Dziś jest to już prawie pewne – Małgorzata Kidawa-Błońska będzie wycofana z wyścigu do Pałacu Prezydenckiego. Mówią o tym jednym głosem niemal wszystkie media zaprzyjaźnione z opozycją.
Gdy 26 stycznia Ryszard Terlecki opublikował tweeta, w którym przepowiadał wycofanie kandydatki PO z wyborów, członkowie tej partii jednym głosem zarzekali się, że to kandydatka najlepsza z możliwych.
Poziom opozycyjnych banałów, które wygłasza Kidawa-Błońska jest tak żenujący, a liczba popełnianych błędów tak duża, że w najbliższych tygodniach jest prawdopodobna zmiana kandydata Platformy na prezydenta.
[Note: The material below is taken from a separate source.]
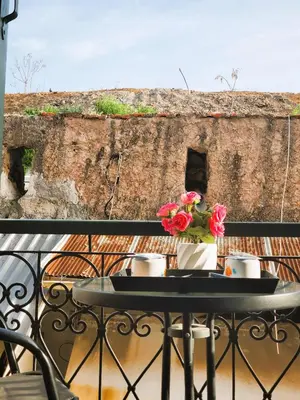 a table with flowers on top of a balcony at Diporto in Chania Town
To co w styczniu przeciętnie rozgarnięty obywatel widział po wystąpieniach jedynej kobiety ubiegającej się o najważniejszy urząd w państwie do środowisk lewicowo-liberanych dotarło z dwumiesięcznym opóźnieniem – bo właśnie 60 dni po wypowiedzi marszałka Terleckiego, Małgorzata Kidawa-Błońska zaczęła tracić poparcie w sondażach i właśnie wtedy powstał pomysł przełożenia wyborów – z początku z powodu rzekomej niemożności prowadzenia kampanii, a później z powodu zagrożenia życia Polaków.
Gdy operacja o przełożenia terminu wyborów się udała, wielu publicystów i polityków odetchnęło z ulgą i zaczęło mówić bardziej otwartym tekstem.
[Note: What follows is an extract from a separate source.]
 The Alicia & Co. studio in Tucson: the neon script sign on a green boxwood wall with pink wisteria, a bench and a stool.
Politycy KO są raczej ostrożni, jeśli chodzi o plany na przyszłość. Bo o ile nie ma wątpliwości, że w kolejnych wyborach wystąpi np. Szymon Hołownia (sam już to zapowiedział), o tyle w przypadku KO nawet wspierające ją osoby z medialno-politycznej orbity sugerowały publicznie w ostatnich dniach rozważenie wymiany Małgorzaty Kidawy-Błońskiej.
-pisze Michał Kolanko w „Rzeczpospolitej”.
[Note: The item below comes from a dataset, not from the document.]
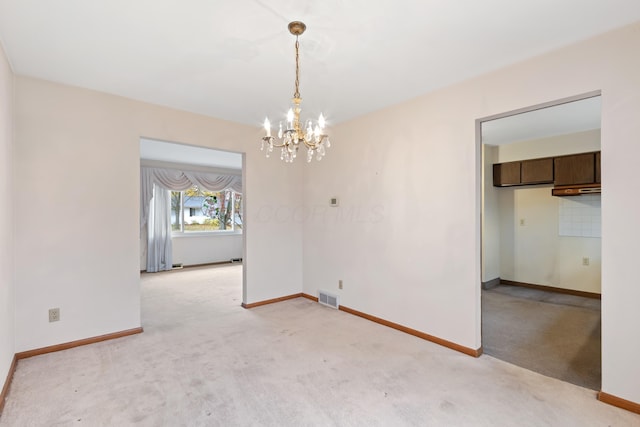 unfurnished dining area featuring light carpet and an inviting chandelier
O ewentualnej zmianie kandydata politycy Platformy nie powinni na razie głośno dywagować, bo to tylko osłabia pozycję Małgorzaty Kidawy-Błońskiej.
-pisze Cezary Michalski w Newsweeku. Publicysta przywołuje gorące marzenie wielu warszawskich salonów:
Warto byłoby pomyśleć o nowym kandydacie opozycji na pewno wówczas, gdyby do gry zgodził się wejść Donald Tusk.
Grodzki po raz pierwszy
Dodaje też nowego pierwszoligowego gracza Koalicji Obywatelskiej:
Nieco większe ryzyko pojawia się w przypadku Tomasza Grodzkiego. W tym wypadku Platforma ma więcej do stracenia, gdyż Grodzki dopiero buduje swój autorytet i uczy się polityki jako Marszałek Senatu.
Ostatnia propozycja, choć wymieniona w ostatnich dniach jedynie przez Michalskiego, nie jest taka bezzasadna. Z jednej strony to profesor Grodzki stał się główną przeszkodą legislacyjnego walca Zjednoczonej Prawicy, szybko zyskał rozpoznawalność, korzysta z narzędzi komunikacji jakim są orędzia telewizyjne, imponuje wielu wyborcą wykształceniem i znajomością języka angielskiego, ale z drugiej strony idealnie wpasowuje się w „doktrynę Neumanna”. Przypomnijmy jak poseł PO na zamkniętym spotkaniu wyjawiał swój stosunek do oskarżonych o niejasności finansowe kandydatów Platformy:
On [o lokalnym polityku z Tczewa] będzie w takim gronie zacnych ludzi, że, ka, nikogo to nie ruszy. O tym ci mówię. Nikogo to nie ruszy. Nasz elektorat, ten antypisowski, uzna, że to jest ka atak PiS-u, żeby go zabić. I pójdą jeszcze bardziej na niego. Tak to wygląda.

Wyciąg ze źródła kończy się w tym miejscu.